Wednesday, May 5, 2010

Depth of Field (DOF)

Depth if field is a bit of camera jargon that crops up all the time. Essentially it means the distance from the lens that is in focus. You control this using the aperture - a wide aperture e.g. f2.8 gives a very narrow DOF (I prefer to use "shallow") and a small aperture e.g. f20 gives a wide DOF (again I think "deep" makes more sense). It's confusing but the smaller the "f-number" the larger the aperture i.e. the hole through which the light passes into the lens.

This is much easier to demonstrate with some shots I've taken. Here for example I've used f2.8 and you can see that only the first dice is in focus.

This shot has been taken at f8.0 and already you can see that more of the dice are now in focus (please no comments about my incorrect use of die and dice!!)

This final shot has been taken with an aperture of f20 (or f22 - I can't remember) and it's pretty obvious that much more of the shot has come into focus.
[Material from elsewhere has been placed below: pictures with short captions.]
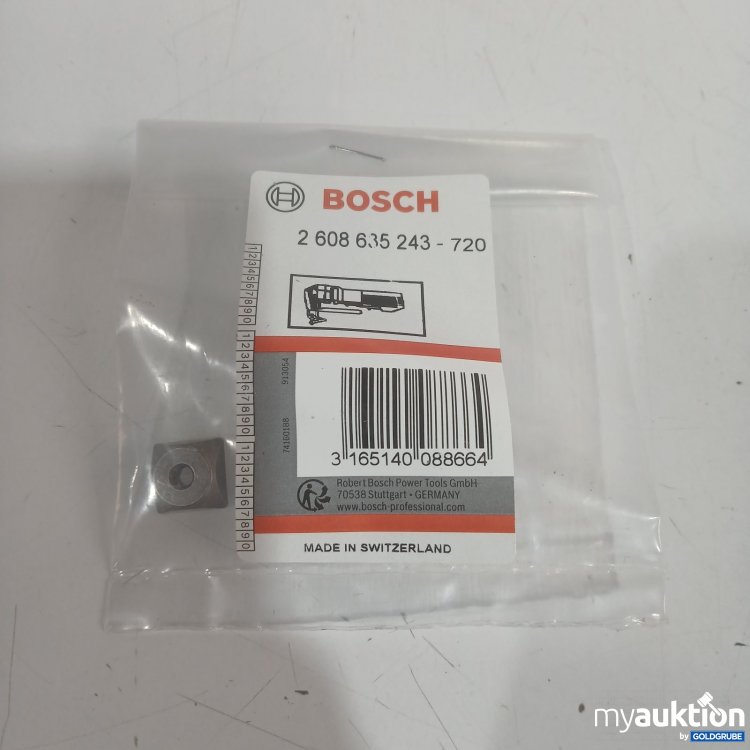 Artikel Nr. 471331 Artikel Nr. 471331: Bosch Ersatzteil 2 608 635 243 - 720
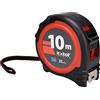 EXTOL PREMIUM Nastro al metro, 10 m, larghezza del cinturino: 25 mm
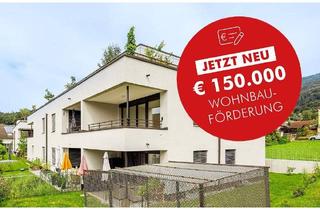 Wohnung kaufen in Storchanest / Frastanzer Straße, 6822 Satteins, HOHE WOHNBAUFÖRDERUNG: 3-Zimmer Terrassenwohnung (Top B5)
Once you stop using auto mode, aperture priority is probably the next mode to get to know on your camera. There are a few basics to remember though. Larger f-numbers let in less light and your camera will normally compensate by decreasing the shutter speed. Unless the available light is bright your shutter speed will be very low and the camera shake will be noticeable.

Conversely, too large an aperture may cause abberations and fringing of ojects so your maximum aperture should normally be avoided in all but top end lenses. I'll talk more about these problems in another post.